Unicode Enthusiasts Unite
Hello all, I thought I’d share some thoughts on future API directions relating to Unicode.
The standard library provides lots of functionality through things like the Unicode
namespace and Unicode Scalar Properties. String should continue to expand on this to deliver functionality to those unfortunate enthusiastic developers who interact with Unicody details on a frequent basis.
Normalized Scalar Views
Briefly discussed here, String.UnicodeScalarView
should expose properties providing lazily-normalized views for NFC, NFD, NFkC, NFkD, and maybe FCC. We should also have a “Swift canonical form”, which is the unspecified form that’s used for efficient string comparisons, as well as ways to force a string into that normal form.
String’s implementation of comparison, in a fall-back path, performs a lazy normalization of a sliding window into NFC. Unfortunately, we pay some overhead in how we interact with ICU (e.g. transcoding). A native Swift implementation of normalization algorithms would greatly improve, and simplify, comparison’s implementation. This would also improve Swift’s portability by reducing one of the main ways the standard library currently depends on ICU.
Emoji Analysis
Whether a Character
is or is not an emoji is actually complex and environment-dependent. For this reason emoji-analysis was postponed from SE-0221: Character Properties. We should revisit this, watching newer Unicode versions and perhaps consulting with the Unicode Consortium to understand how we can carefully balance usability with source-stability.
Bidirectional Properties
Unicode defines Bidirectional Class Values for scalars, and dictates how applications can use them to display text correctly. We can followup on the work in SE-0211 to add these.
extension Unicode {
/// The bidirectional classification of a Unicode scalar.
///
/// This classification is used for presenting directionality of text by the
/// [Unicode Standard](https://www.unicode.org/reports/tr9/#Bidirectional_Character_Types)

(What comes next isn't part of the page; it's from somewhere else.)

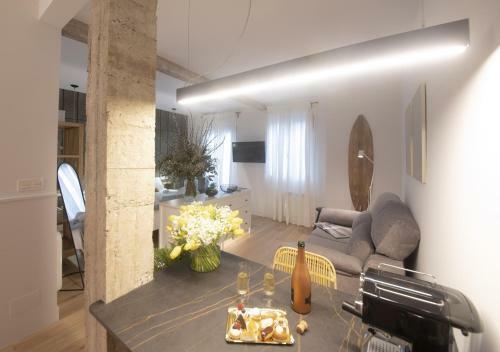 Shiny By Oldtown Apartments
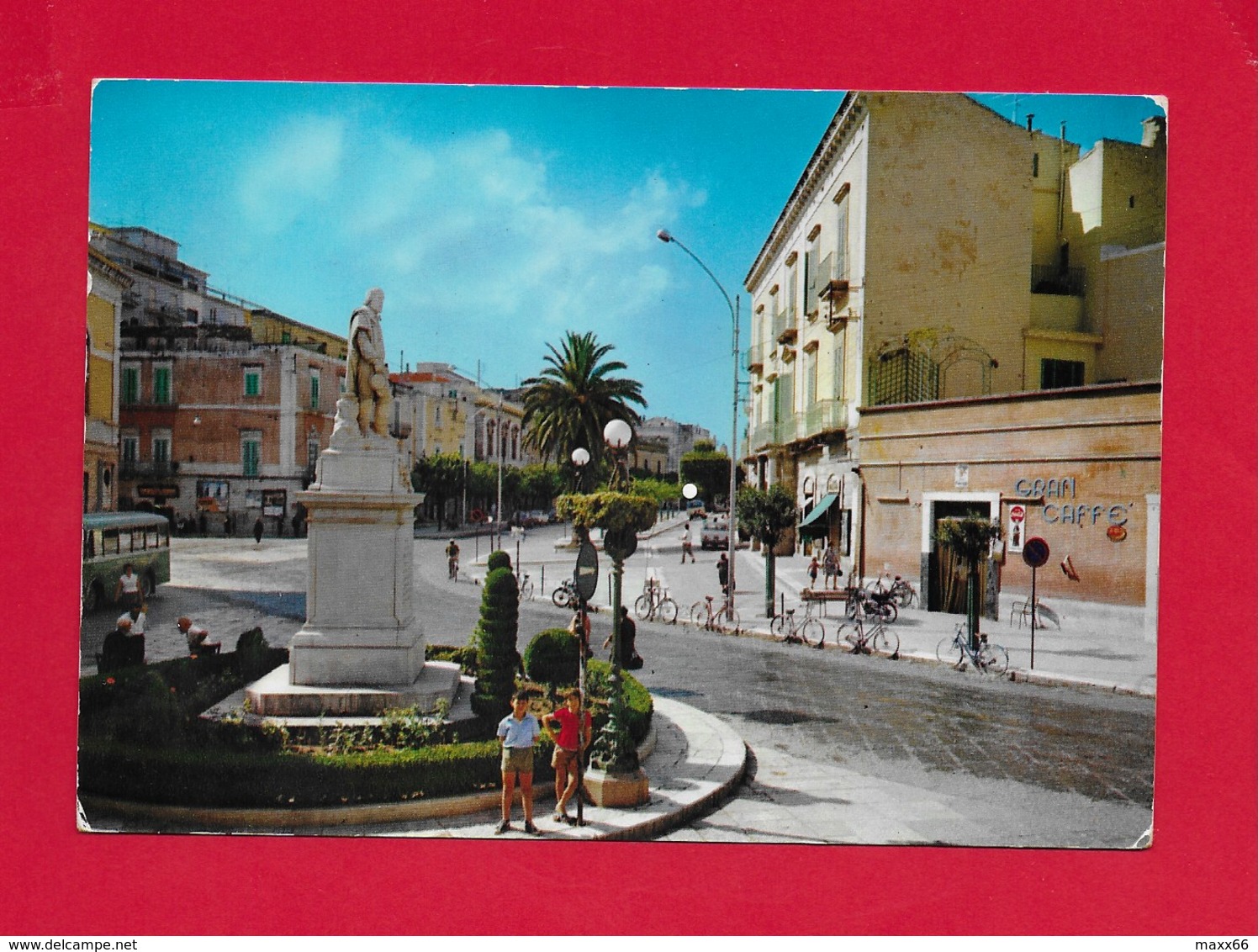 CARTOLINA VG ITALIA - CORATO (BA) - Corso Mazzini - Monumento A Giuseppe Garibaldi - 10 X 15 - ANN. 1972 - Bari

public enum BidirectionalClass {
/// A strong left-to-right character.
///
/// The value corresponds to the category `Left_To_Right` (abbreviated `L`) in the
/// [Unicode Standard](https://unicode.org/reports/tr44/#Bidi_Class_Values).
case leftToRight
...
}
}
extension Unicode.Scalar {
/// The bidirectional class of the scalar.
///
/// This property corresponds to the "Bidi_Class" property in the
/// [Unicode Standard](http://www.unicode.org/versions/latest/).
public var bidiClass: BidirectionalClass { get }
}
Current version
We should expose a way to get the run-time version of Unicode that’s available.
extension Unicode {
var currentVersion: Unicode.Version { get }
}
SIMD-accelerated decoding and analysis
Pending more SIMD feature work (CC @scanon), the standard library should expose more of its internal decoding and analysis functionality.
This includes things such as classifying a code unit, accelerating length calculations between UTF-8 and UTF-16, transcoding, etc.
Out-of-scope for now: locale
Locale is currently considered out of scope for the standard library. Even simple operations such as determining the current user’s locale can depend on higher-level layers of the OS. Baking in any notion of locale at this stage could limit Swift’s applicability to systems programming.
Conventions for dealing with localized content is best left to the platform (e.g. Cocoa).